The San Felipe Neri Public Market as a Circular Economy Lab in Panama City
March 13, 2023
99% of the waste generated by the San Felipe Neri Public Market —nicknamed el Neri— may be repurposed. Can the public markets of the future follow a circular economy model?
From its former home on Panama City’s old embankment, the San Felipe Neri Public Market (MSFN for its Spanish acronym) has been part and parcel or our city’s heart and a key space providing food security to its surrounding communities. Today, despite its recent renovation, el Neri must reestablish its former relevance.

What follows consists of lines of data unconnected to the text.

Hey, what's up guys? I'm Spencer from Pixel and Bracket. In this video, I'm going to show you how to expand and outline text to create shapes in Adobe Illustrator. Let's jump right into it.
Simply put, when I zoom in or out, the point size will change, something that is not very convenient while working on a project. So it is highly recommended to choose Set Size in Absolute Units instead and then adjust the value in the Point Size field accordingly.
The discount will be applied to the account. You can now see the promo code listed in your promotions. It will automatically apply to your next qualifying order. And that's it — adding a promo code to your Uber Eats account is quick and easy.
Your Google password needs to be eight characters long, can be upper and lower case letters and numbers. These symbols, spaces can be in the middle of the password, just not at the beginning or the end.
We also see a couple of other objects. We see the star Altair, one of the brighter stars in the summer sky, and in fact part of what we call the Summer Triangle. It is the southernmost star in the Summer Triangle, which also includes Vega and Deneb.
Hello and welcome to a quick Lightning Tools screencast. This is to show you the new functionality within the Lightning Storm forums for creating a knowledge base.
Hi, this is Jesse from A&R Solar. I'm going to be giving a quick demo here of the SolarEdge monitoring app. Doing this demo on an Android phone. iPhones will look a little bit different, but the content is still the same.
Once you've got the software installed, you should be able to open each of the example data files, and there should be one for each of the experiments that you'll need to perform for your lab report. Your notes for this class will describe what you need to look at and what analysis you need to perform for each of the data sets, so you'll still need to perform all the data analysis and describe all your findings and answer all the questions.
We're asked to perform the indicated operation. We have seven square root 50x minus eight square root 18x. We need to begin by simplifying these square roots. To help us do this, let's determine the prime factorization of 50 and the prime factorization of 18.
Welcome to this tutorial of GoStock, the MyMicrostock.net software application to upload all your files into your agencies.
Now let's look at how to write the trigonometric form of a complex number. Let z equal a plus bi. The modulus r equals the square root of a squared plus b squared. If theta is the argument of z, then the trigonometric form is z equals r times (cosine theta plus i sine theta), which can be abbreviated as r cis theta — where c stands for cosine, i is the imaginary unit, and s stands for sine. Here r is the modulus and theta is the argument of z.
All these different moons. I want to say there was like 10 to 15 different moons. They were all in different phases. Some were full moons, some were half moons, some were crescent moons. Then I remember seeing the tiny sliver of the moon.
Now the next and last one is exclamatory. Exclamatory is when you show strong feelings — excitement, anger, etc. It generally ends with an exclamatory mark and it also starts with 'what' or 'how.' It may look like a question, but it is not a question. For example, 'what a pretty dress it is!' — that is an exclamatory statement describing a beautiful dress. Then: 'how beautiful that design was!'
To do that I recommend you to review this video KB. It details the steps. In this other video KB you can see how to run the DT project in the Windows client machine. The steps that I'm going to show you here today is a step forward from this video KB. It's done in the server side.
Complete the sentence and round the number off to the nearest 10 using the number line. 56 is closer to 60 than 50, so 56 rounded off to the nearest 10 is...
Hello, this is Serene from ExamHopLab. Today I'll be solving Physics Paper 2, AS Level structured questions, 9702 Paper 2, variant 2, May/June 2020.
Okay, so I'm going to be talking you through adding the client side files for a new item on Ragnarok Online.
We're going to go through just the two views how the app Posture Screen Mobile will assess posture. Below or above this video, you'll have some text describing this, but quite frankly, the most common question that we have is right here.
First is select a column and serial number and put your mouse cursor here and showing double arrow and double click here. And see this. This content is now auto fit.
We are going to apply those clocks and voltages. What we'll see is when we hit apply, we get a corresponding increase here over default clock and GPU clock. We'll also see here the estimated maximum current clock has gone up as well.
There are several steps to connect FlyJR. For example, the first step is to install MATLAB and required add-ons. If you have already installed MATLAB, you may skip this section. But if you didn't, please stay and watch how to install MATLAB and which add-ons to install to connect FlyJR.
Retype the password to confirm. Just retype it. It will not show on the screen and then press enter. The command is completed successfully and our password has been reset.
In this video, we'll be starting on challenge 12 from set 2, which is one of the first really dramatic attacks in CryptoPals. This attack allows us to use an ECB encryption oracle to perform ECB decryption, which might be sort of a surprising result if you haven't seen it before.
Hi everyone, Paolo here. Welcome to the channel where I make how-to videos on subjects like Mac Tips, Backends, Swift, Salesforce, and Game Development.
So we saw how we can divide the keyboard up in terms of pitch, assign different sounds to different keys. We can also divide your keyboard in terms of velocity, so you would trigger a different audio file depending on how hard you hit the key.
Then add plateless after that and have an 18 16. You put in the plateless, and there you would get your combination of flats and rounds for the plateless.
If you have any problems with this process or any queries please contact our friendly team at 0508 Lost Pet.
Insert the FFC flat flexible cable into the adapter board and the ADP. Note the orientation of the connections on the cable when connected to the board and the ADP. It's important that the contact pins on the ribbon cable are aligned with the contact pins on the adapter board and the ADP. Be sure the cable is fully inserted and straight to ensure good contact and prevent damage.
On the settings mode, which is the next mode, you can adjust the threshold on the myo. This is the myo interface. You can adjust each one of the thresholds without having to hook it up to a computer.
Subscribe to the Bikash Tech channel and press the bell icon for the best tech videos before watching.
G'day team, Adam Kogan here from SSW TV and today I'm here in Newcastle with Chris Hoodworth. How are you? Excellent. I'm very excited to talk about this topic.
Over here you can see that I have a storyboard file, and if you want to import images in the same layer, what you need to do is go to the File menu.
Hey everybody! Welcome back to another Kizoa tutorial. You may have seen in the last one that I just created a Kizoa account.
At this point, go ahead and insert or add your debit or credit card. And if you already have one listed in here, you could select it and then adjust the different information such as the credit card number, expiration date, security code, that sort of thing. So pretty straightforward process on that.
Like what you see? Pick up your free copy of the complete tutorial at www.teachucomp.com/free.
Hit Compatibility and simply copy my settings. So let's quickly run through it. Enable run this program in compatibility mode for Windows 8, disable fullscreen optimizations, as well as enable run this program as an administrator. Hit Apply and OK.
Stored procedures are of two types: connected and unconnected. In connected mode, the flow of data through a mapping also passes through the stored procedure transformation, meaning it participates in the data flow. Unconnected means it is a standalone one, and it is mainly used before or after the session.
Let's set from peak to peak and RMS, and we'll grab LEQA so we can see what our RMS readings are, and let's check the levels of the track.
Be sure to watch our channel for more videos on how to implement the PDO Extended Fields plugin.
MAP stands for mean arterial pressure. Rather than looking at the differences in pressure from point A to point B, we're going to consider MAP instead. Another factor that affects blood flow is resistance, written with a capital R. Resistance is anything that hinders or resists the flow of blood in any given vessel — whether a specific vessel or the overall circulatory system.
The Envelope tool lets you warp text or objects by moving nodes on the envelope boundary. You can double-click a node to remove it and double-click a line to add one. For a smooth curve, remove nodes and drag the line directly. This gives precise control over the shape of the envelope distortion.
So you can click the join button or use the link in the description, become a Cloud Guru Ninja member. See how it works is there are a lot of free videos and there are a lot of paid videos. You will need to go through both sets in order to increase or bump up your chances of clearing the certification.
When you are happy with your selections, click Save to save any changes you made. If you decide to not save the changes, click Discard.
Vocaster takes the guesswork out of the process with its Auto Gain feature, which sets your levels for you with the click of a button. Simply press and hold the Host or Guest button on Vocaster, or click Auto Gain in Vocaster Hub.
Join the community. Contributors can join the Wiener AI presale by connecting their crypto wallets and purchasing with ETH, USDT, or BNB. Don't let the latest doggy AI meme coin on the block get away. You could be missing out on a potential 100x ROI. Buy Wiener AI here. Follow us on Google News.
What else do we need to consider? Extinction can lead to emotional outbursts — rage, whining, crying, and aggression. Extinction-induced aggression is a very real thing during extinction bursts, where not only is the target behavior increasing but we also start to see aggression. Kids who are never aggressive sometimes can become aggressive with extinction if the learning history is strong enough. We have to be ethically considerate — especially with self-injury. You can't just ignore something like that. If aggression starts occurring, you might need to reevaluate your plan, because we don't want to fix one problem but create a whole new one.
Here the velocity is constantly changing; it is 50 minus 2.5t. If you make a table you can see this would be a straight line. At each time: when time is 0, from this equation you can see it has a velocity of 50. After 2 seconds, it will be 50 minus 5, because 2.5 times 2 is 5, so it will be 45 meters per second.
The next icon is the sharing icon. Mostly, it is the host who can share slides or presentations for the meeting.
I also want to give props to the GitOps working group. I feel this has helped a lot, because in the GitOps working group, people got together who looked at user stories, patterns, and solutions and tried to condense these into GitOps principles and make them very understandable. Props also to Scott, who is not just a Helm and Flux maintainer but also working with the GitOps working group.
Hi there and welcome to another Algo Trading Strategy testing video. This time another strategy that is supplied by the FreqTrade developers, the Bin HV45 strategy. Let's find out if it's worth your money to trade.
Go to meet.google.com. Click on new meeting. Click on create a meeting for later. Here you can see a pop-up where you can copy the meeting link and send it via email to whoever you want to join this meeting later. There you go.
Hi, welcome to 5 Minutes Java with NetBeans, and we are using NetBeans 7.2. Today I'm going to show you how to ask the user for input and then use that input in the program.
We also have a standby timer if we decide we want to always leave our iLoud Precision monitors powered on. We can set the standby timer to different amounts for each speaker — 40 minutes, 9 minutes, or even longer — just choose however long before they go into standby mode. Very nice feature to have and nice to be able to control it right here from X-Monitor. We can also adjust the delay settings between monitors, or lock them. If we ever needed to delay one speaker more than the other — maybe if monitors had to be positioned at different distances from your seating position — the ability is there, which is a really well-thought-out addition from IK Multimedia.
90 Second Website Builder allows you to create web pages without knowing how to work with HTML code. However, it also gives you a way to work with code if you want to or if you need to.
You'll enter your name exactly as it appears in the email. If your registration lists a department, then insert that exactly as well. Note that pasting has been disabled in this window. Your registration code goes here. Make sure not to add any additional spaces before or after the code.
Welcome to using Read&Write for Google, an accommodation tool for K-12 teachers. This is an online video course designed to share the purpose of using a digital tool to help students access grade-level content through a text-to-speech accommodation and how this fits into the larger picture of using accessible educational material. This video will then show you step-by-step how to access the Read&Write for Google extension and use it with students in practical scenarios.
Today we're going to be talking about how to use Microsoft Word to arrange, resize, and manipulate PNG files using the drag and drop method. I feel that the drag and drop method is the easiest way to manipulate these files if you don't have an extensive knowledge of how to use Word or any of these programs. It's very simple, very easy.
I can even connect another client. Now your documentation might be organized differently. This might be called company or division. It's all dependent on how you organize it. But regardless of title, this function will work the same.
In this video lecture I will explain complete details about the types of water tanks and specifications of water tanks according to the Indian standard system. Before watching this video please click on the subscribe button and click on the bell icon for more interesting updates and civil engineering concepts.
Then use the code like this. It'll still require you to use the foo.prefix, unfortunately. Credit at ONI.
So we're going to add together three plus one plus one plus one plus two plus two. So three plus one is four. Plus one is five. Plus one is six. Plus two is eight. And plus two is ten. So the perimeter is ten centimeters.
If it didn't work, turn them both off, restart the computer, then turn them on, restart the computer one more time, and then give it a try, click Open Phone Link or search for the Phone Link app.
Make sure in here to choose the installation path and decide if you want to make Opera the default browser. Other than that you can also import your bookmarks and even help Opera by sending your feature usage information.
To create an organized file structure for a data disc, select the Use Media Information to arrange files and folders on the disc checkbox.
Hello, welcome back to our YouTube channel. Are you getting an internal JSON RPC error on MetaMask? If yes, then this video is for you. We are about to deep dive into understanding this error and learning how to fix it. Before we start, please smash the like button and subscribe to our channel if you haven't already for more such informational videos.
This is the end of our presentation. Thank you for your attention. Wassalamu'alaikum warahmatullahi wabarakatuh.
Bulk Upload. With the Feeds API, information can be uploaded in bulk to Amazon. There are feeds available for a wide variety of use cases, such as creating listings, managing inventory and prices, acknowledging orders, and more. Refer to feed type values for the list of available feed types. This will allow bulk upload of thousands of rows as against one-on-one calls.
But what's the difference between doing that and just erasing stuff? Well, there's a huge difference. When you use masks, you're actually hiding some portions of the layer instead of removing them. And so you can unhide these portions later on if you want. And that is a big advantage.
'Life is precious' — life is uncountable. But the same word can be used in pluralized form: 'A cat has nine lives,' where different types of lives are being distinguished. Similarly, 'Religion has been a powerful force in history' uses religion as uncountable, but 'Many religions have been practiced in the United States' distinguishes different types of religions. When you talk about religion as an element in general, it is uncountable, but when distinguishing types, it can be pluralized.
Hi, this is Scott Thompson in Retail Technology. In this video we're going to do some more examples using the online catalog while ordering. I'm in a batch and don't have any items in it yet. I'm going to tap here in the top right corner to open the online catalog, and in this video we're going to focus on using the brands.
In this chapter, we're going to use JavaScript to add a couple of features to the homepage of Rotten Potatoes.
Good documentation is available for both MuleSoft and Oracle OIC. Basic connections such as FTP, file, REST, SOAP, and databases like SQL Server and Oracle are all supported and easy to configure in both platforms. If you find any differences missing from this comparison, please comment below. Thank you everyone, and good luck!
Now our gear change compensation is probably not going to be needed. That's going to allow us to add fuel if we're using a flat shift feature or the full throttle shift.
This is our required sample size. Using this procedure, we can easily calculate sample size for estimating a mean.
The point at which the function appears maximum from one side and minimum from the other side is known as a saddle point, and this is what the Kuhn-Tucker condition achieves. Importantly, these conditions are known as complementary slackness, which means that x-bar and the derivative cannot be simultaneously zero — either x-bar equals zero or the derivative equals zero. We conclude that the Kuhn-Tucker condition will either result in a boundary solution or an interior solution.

El Neri has a lot to teach us. In the context of developing the Integrated Municipal Public Markets Network (RIMMU for its Spanish acronym), the UNDP Accelerator Lab —together with Panama City’s Public Markets Department and Re-inventa—carried out a four-phase learning process in which el Neri has become a Circular Economy Lab to inform the development of Panama City’s integrated markets network.
In this blog we will tell you a little bit more about the first phase of our learning process, which focused on establishing a baseline on the waste generated by el Neri and, from there, thinking about alternative uses for this “waste” based on the circular economy concept, which Panamanian legislation defines as “A model of production and consumption that involves sharing, renting, reusing, repairing, renovating and recycling existing materials and products as often as possible to create added value”.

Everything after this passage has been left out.